Isn't this just Faker plus a topological sort?

That's the fair version of "is this trivial?" — here's the honest answer: yes, mostly — and that glue is exactly what you keep rewriting. Faker has no schema awareness: with Faker you write the toposort, the FK-value-picking from already-generated parent primary keys, the per-row locale coherence, and a fresh script for every schema — then you fix all of it after every migration. Veriseed does that straight from your Prisma schema, deterministically (--seed for reproducible output), and emits one transactional SQL file. The Core's honest value is that glue — FK-correct, coherent-enough, local — not AI realism. AI realism is the Pro bet, clearly marked.

Does it handle real volume — like performance testing?

Yes, within honest limits: --rows generates however many rows per table you ask for, with foreign keys still valid — verified at --rows 50000 (200,000 INSERTs across a 4-table schema in about 2.6 seconds, locally).
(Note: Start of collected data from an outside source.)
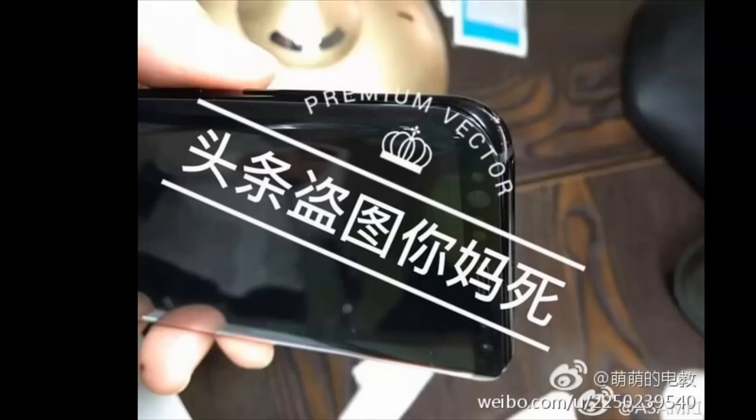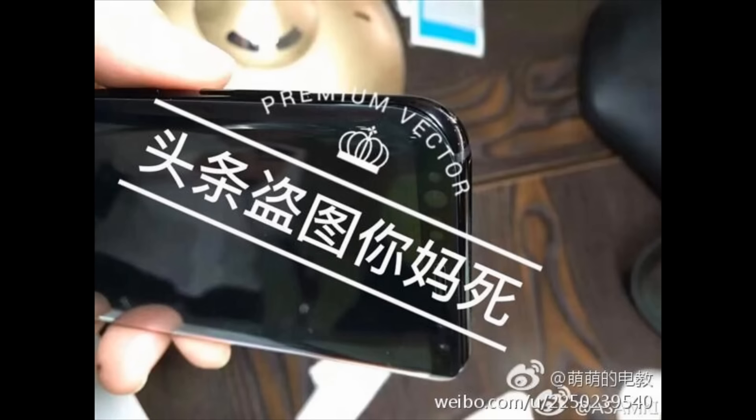Hi guys, RSG here from Purecast 9. As the days go by we are seeing more and more leaks of the Galaxy S8 and the S8 Plus. While all this while I've been showing you concepts and renders based on rumors, it looks like right now we have actual units of the Galaxy S8 being handheld.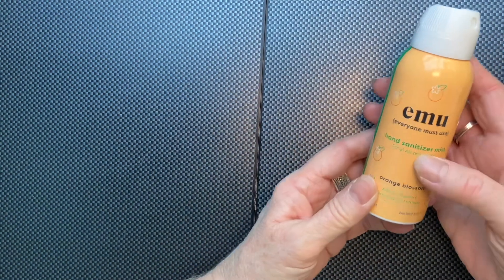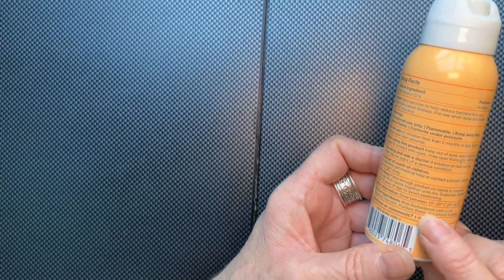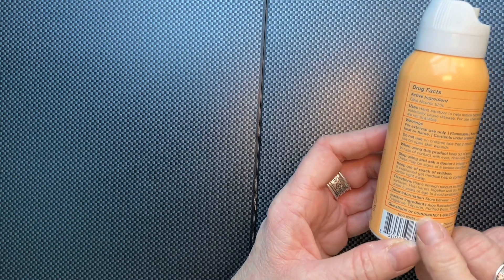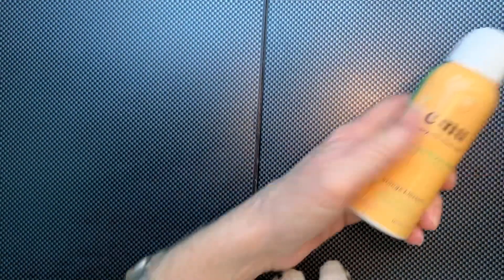It's probably very effective because it's alcohol, right? And I don't really understand glycerine — I guess it's just to keep your hands soft, maybe. And oh, is it sticky? Yes, you can see it is sticky, just like the other ones. Sticky — so that's that.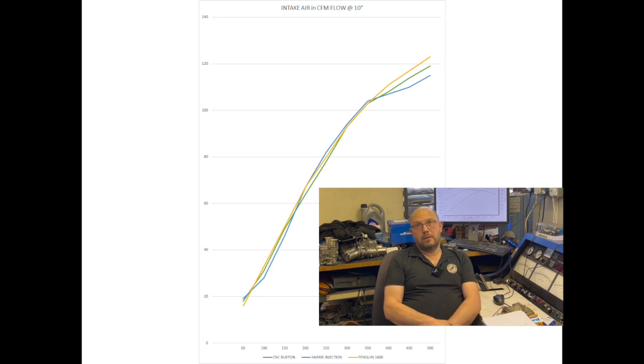All three heads here have got enough flow rate to comfortably exceed 200 brake horsepower given enough cam. Hopefully that helps someone out — I'll catch you on the flip side. See you later guys.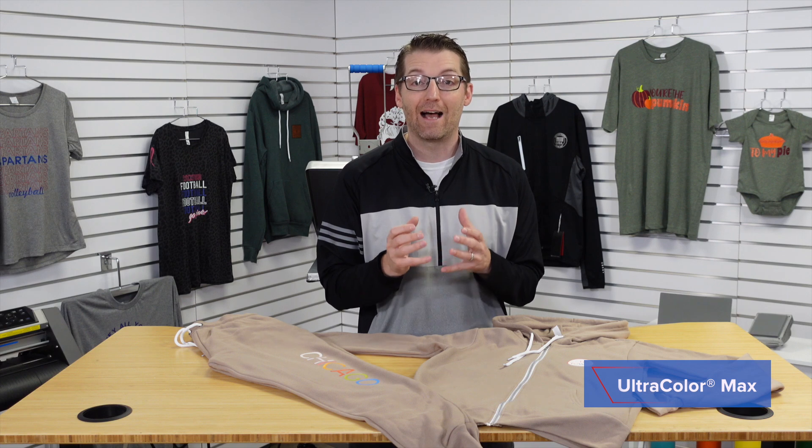The other product is a brand new product. We call it UltraColor Max. It's a direct-to-film transfer that allows you to incorporate many colors into a logo that can press quickly and easily without damaging the fleece, and it's durable too. Let's head over to the heat press and let me show you the application technique for both of these products on this zip-up hoodie and these jogging pants.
That's the region where N+1 queries, missing indexes, and pagination bugs actually show up. I'm not claiming benchmarked millions — the CLI generates what you ask for; very large runs are bounded by your disk and your database's INSERT speed, not by a service quota.

Is my schema actually safe?

Yes — for the Core, by architecture, not by promise. Veriseed's Core runs entirely on your machine, today: your schema.prisma is never uploaded, your production rows are never read, and there's no telemetry on your tables — it synthesizes brand-new rows from the schema's structure alone. You can prove it: once installed, pull the network cable and it still works. There's no server of mine for anything to leak to, because nothing ever reaches one. The Pro layer is being built to the same local-only design — the model runs on your machine — and that architectural commitment is exactly what the pre-order funds.
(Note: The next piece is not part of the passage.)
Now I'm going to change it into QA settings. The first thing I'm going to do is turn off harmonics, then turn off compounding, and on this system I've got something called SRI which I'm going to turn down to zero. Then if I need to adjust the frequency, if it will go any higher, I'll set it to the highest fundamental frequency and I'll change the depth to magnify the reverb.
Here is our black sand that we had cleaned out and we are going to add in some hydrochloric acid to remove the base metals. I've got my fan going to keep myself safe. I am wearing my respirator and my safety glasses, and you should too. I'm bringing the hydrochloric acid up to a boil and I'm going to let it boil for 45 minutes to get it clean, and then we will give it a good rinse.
How is this different from Seedfast?

Architecture. Seedfast is genuinely good and more realistic today — but, per their own docs, it needs an API key and an internet connection and calls OpenAI server-side to generate values, which means your schema is sent out. Veriseed's Core runs entirely on your machine and never transmits your schema; the Pro model is being built to run locally too. If you can send your schema to a cloud SaaS, Seedfast is a strong choice. If you can't or won't, that's exactly the gap Veriseed fills.

Can a local model really match cloud realism?

Honest answer: unproven — and that's literally what the pre-order funds me to find out. On raw realism, cloud is ahead today, and we won't claim otherwise. What ships now is the open-source Core: FK-correct rows with light, lookup-based locale coherence (a name, city, and country drawn from the same locale so they don't contradict within a row) — no account, no key, fully offline. Deep AI-realistic, column-coherent values via a local model are the Pro roadmap, in active development, not a shipped claim. If a local model can't clear a usable bar, founders get a full refund. The bet is that for teams who can't send their schema out, "very good and fully local" beats "best-in-class in someone else's cloud" — and if that bet's wrong for you, the cloud tools are right there.

Why pre-order something that isn't shipped?

The free Core is real and usable right now — you never pay for that. The pre-order is only about Pro — the layer aimed at the pains Core doesn't cover: sharing data safely (PII masking), carving a referentially-intact slice out of a bigger graph (subsetting), and values that read like the real thing (AI-realistic generation via a local model). The $19 founding pre-order locks your price (vs a planned $38 at launch) and tells me that layer is worth building. Pre-orders are charged at checkout, and if founding Pro access isn't delivered to you, you get a full refund — no fine print beyond that.

Which databases and ORMs are supported?

Today: Prisma schema parsing, emitting Postgres SQL. Drizzle support and live Postgres introspection are on the roadmap — and exactly the kind of call founding members help prioritize.

Is the free Core real, or just bait?

Real and shipped. Core (schema → FK-correct, deterministic seed with light locale coherence) is free, open source, MIT-licensed, no account, runs offline once installed. You never have to pay to get correct foreign keys or reproducible CI seeds. Pro funds the harder work — local-model realism, masking, and subsetting.